- [Activity] In the records below, find the line that contains "Slide: The Image". Retype that line and all the lines after it through the end, leaving out the pictures.

[Web page caption snippets]
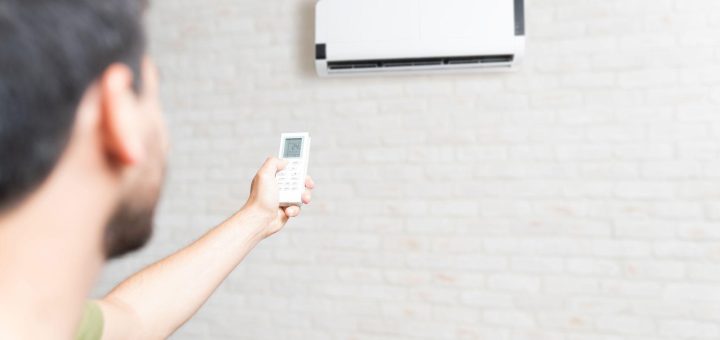Man adjusting temperature of air conditioner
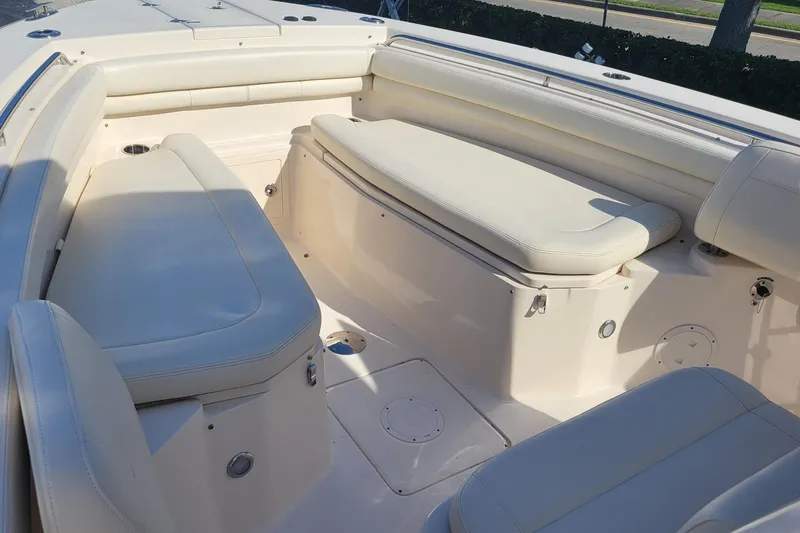 Slide: The Image of 2019 Grady-White Canyon 306 boat interior with cushioned seating and storage compartments. - 19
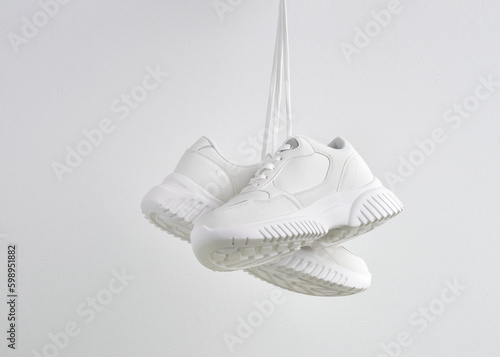 Pair of classic sneakers or trainers hanging on white wall. Casual lifestyle. Fashionable sports shoes. Creative minimalistic layout with footwear mock up for your design. Advertising for shoe store photo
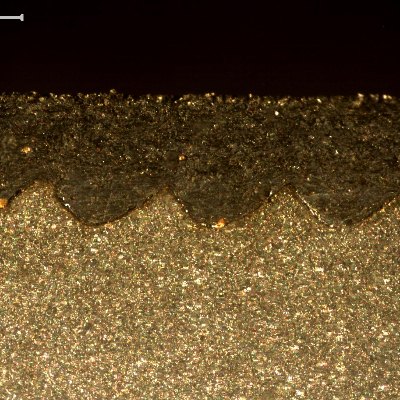 Macrographic detail of the thermal spray layer in a position of the shaft where it was not detached. Longitudinal section of the shaft. The waves are the machining marks created to anchor the thermal spray layer, that is about 1.5mm thick.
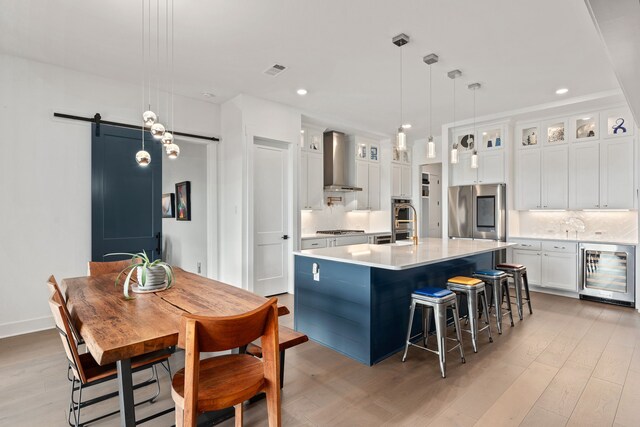 kitchen featuring white cabinets, wall chimney exhaust hood, decorative light fixtures, an island with sink, and a barn door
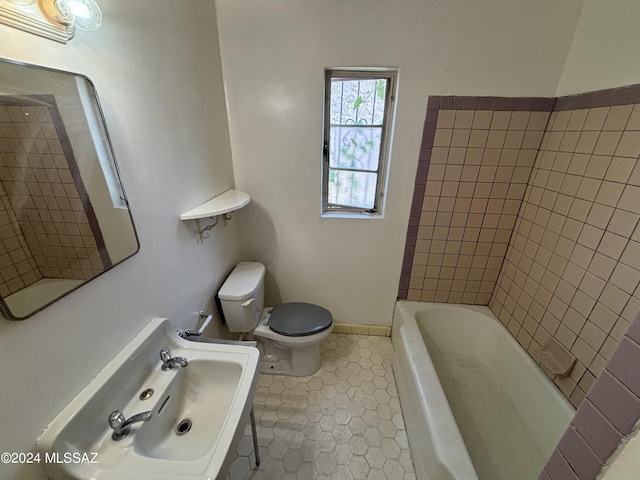 bathroom with tile patterned flooring, a bathtub, and toilet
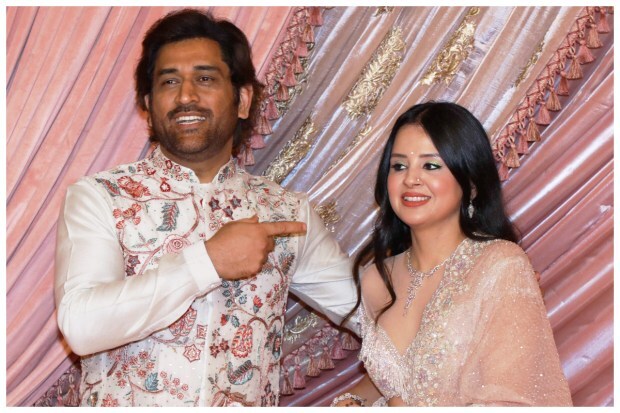 Former cricketer MS Dhoni getting candid with wife Sakshi Dhoni while posing for photos at Anant Ambani and Radhika Merchant’s sangeet ceremony ahead of their big fat wedding. (Image: PTI)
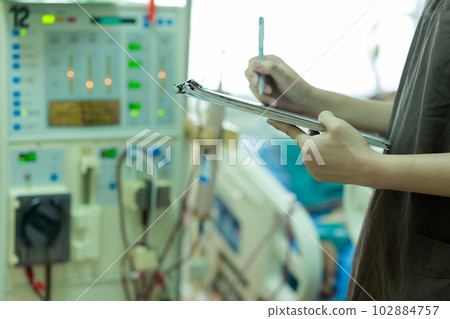 The specialist aThe specialist are checking continuous renal replacement therapy equipment and inre checking continuous renal replacement therapy equipment and injection pump and hemodialysis machine. The specialist aThe specialist are checking continuous renal replacement therapy equipment and inre checking continuous renal replacement therapy equipment and injection pump and hemodialysis machine. 102884757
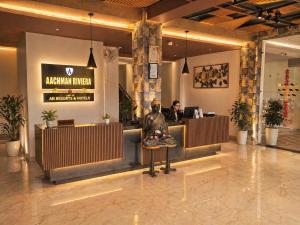 a lobby of a restaurant with a man sitting at a counter at Aachman Riviera Valley dharamshala by NAINA STAYCATION in Dharmsāla
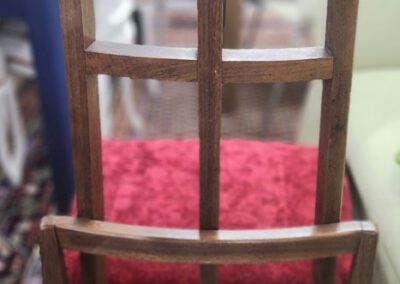 Tall wooden chair with red cushion seat.
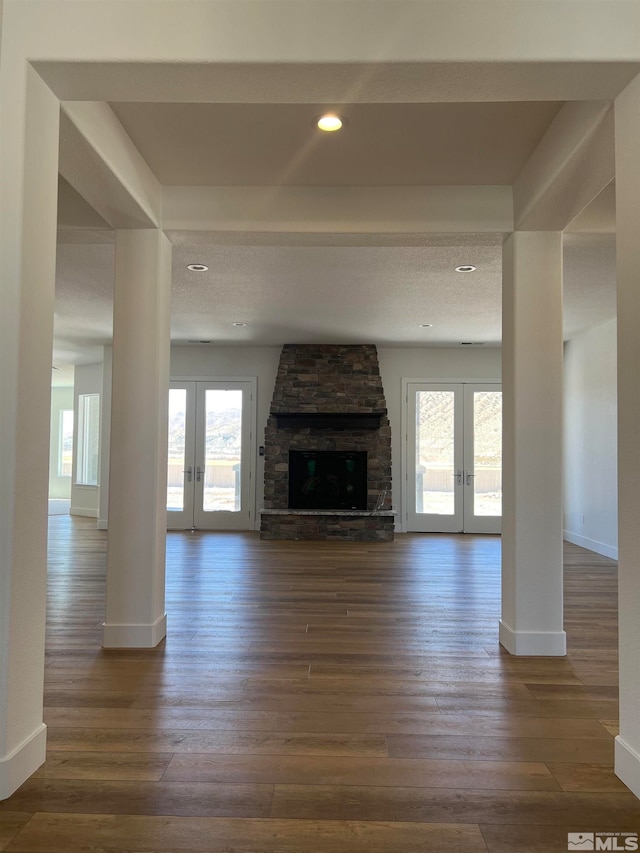 unfurnished living room with a textured ceiling, dark wood-type flooring, a stone fireplace, and french doors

- [Written solution]
 Slide: The Image of 2019 Grady-White Canyon 306 boat interior with cushioned seating and storage compartments. - 19
 Pair of classic sneakers or trainers hanging on white wall. Casual lifestyle. Fashionable sports shoes. Creative minimalistic layout with footwear mock up for your design. Advertising for shoe store photo
 Macrographic detail of the thermal spray layer in a position of the shaft where it was not detached. Longitudinal section of the shaft. The waves are the machining marks created to anchor the thermal spray layer, that is about 1.5mm thick.
 kitchen featuring white cabinets, wall chimney exhaust hood, decorative light fixtures, an island with sink, and a barn door
 bathroom with tile patterned flooring, a bathtub, and toilet
 Former cricketer MS Dhoni getting candid with wife Sakshi Dhoni while posing for photos at Anant Ambani and Radhika Merchant’s sangeet ceremony ahead of their big fat wedding. (Image: PTI)
 The specialist aThe specialist are checking continuous renal replacement therapy equipment and inre checking continuous renal replacement therapy equipment and injection pump and hemodialysis machine. The specialist aThe specialist are checking continuous renal replacement therapy equipment and inre checking continuous renal replacement therapy equipment and injection pump and hemodialysis machine. 102884757
 a lobby of a restaurant with a man sitting at a counter at Aachman Riviera Valley dharamshala by NAINA STAYCATION in Dharmsāla
 Tall wooden chair with red cushion seat.
 unfurnished living room with a textured ceiling, dark wood-type flooring, a stone fireplace, and french doors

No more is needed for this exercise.